Bir misal verelim. Düşünün ki hâkim bir insan. Şimdi insan öldürmek dinde de yasaktır. Bugünkü hukukta da yasaktır. İnsan öldürene din şu cezayı verdi diye hâkim hükmederse, o zaman laiklik ihlal edilir. Hayır, hukuk bunu böyle emretti. Hukuk buna böyle bir ölçü koydu, mikyas koydu derde hükmünü verirse, laiklik ihlal edilmez. İkisi de ceza veriyor. Anlatabildim mi? Birisi din kaynaklıdır. Ama aynı hâkim Müslüman olduğu için, efendime söyleyeyim, hem mahkemesini yapar, mahkemesini devlet adına, millet adına yapar, ibadetini de kendi adına, öğle vakti, ikindi vakti namazını kılar. O devlet adınadır mahkeme yapmak, icra etmek, ibadetini yapmak da nefsi adınadır, kendi adınadır. İfade edebildim mi? Nefsi adına yapabilir ama yaptığı ibadeti devlet adına yapamaz. Olay budur yani incelik burada budur.
Zaten gelinen dünyanın bu noktasında, bu döneminde bunun da böyle olma mükellefiyeti, mecburiyeti var. Özellikle ülkemizde barışın, huzurun, birliğin teminatı için bunu yapmaya mecburuz. Ne dini hayata karışacağız, ne dini hayat adı altında yönetimi yönlendireceğiz. Bu demek değildir ki Müslüman yönetici olamaz. Müslüman yönetici olur ama inancı adına hüküm ihdas edemez. İfade edebildim mi? İnancı adına yapamaz ama kurallar adına yapar bunu. Yani buradaki incelik sadece budur.

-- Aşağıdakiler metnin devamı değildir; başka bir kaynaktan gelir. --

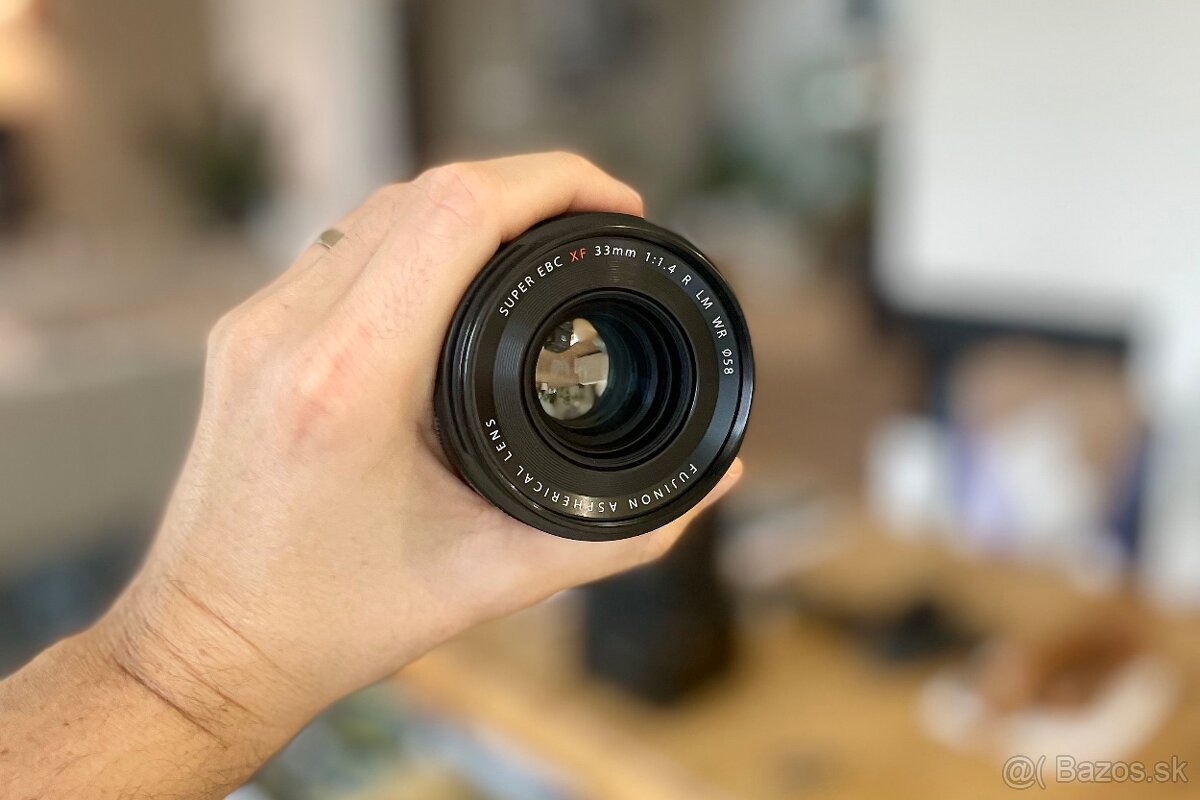Fujifilm Fujinon XF 33mm f/1.4 R LM WR - 3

Hedef, Türkiye Cumhuriyeti'nin Misak-ı Milli Hudutları İçerisinde Bulunan Toprak Parçasıdır
Zaten bütün mesele Türkiye Cumhuriyeti Devleti ve aziz Türk vatanıdır. Yani eninde sonunda oynanmak istenen oyun, milletin elindeki topraktır, ayağının altındaki vatan sathıdır. Dolayısıyla milletimizin çok ayık ve uyanık olması lazım. Tarih boyu bu böyle cereyan etti. Bu kaderi siz değiştiremezsiniz, “hayır böyle değildir” diyemezsiniz. Mesela Orta Doğu'da Filistin topraklarına baktığımız zaman böyle oynanmıştır. Hicaz bölgesine baktığımız zaman bu böyle oynanmıştır. Ki Hicaz bölgesinin orası bizim tasarrufumuzda bir bölgeydi. Orada beş binin üzerinde insan geliyor, Arap İslam âlemini Müslüman Türk'e karşı çıkartmak için. Halife niye onlardan da sizden değil? Yani adamların derdine bak. Yani halife neden Türk'müş de Arap değilmiş? Artı, neden bu kadar âlemi kalkıp da Osmanlılar, Türkler idare etsin? Bu sizin tabii hakkınız olamaz mı? Yani çok basit bahanelerle Müslüman Türk'e karşı, organize edilmiş o insanımız, o günkü şartlarda Osmanlı'ya karşı çıkıyorlar ve elimizden hepimizin bildiği gibi Hicaz bölgesi bir anda çıkıveriyor. Yani şu anda oynanan oyun bundan farklı bir oyun değildir. Yine hedef, Türkiye Cumhuriyeti'nin Misak-ı milli hudutları içerisinde bulunan toprak parçasıdır. Tartışma konusu olan bunlardır. Ege meselesidir, Kıbrıs meselesidir, aziz vatandır. Çok dikkatli olmamız lazım. Biz o bakımdan her zaman diyoruz ki bizim dini bütünlüğümüz aynı zamanda da milli bütünlüğümüzdür. Burada ne ifrat ne tefrit. Tamam mı? Evet bunu görmemiz lazım, geliyor.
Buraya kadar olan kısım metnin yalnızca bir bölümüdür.